Transcribe the listing below only from the line with "Heather Maroon T-shirt" up to and including the line with "Vue macro d'une".

▶ **Study material**:
-------

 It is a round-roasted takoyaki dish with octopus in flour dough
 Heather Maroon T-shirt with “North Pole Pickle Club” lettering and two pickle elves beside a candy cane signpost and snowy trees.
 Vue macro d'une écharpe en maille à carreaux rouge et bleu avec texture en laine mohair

-------

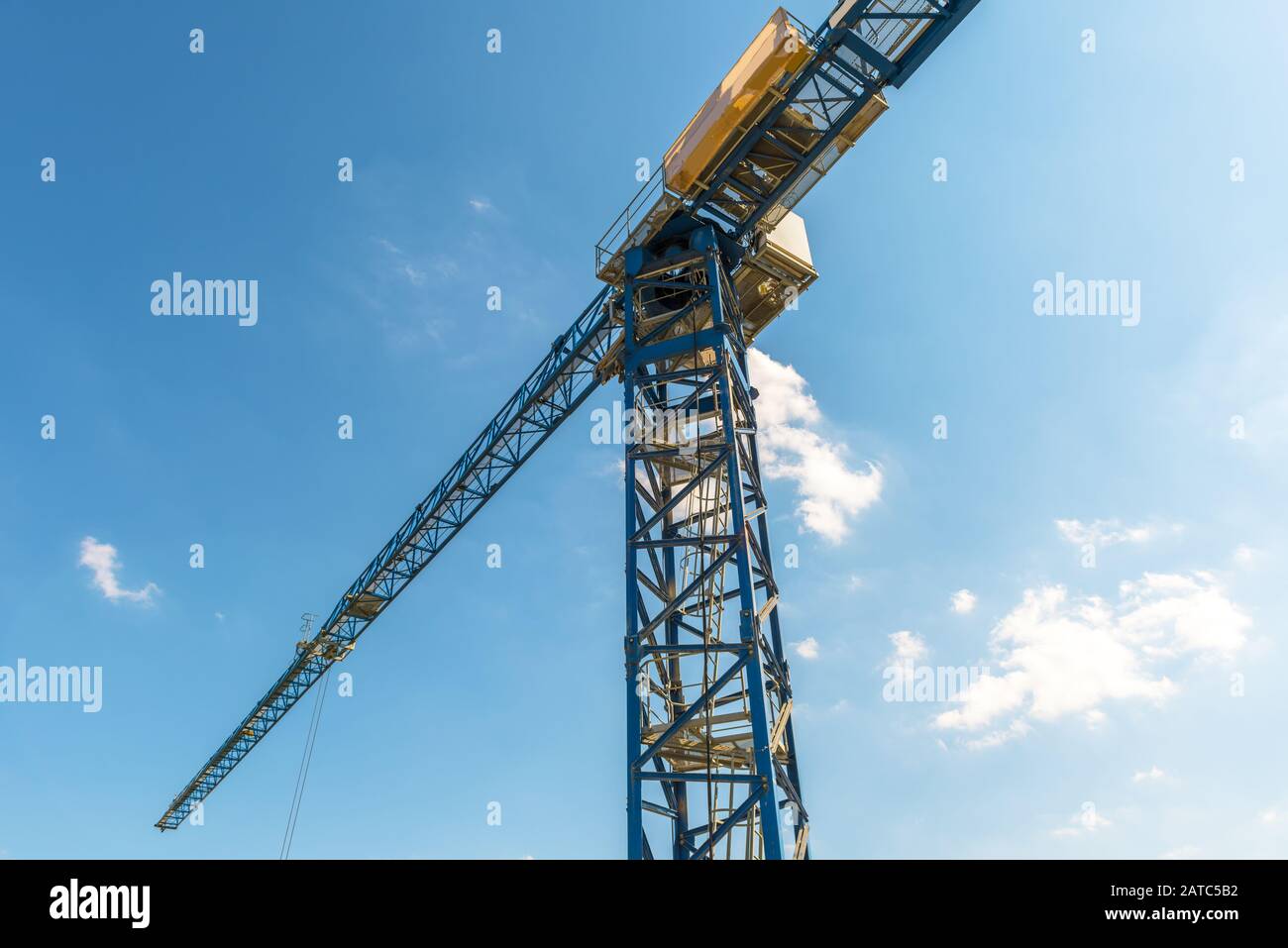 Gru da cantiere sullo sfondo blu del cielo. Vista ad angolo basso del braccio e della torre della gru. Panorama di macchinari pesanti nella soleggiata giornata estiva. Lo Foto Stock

-------

▶ **Task output**:
 Heather Maroon T-shirt with “North Pole Pickle Club” lettering and two pickle elves beside a candy cane signpost and snowy trees.
 Vue macro d'une écharpe en maille à carreaux rouge et bleu avec texture en laine mohair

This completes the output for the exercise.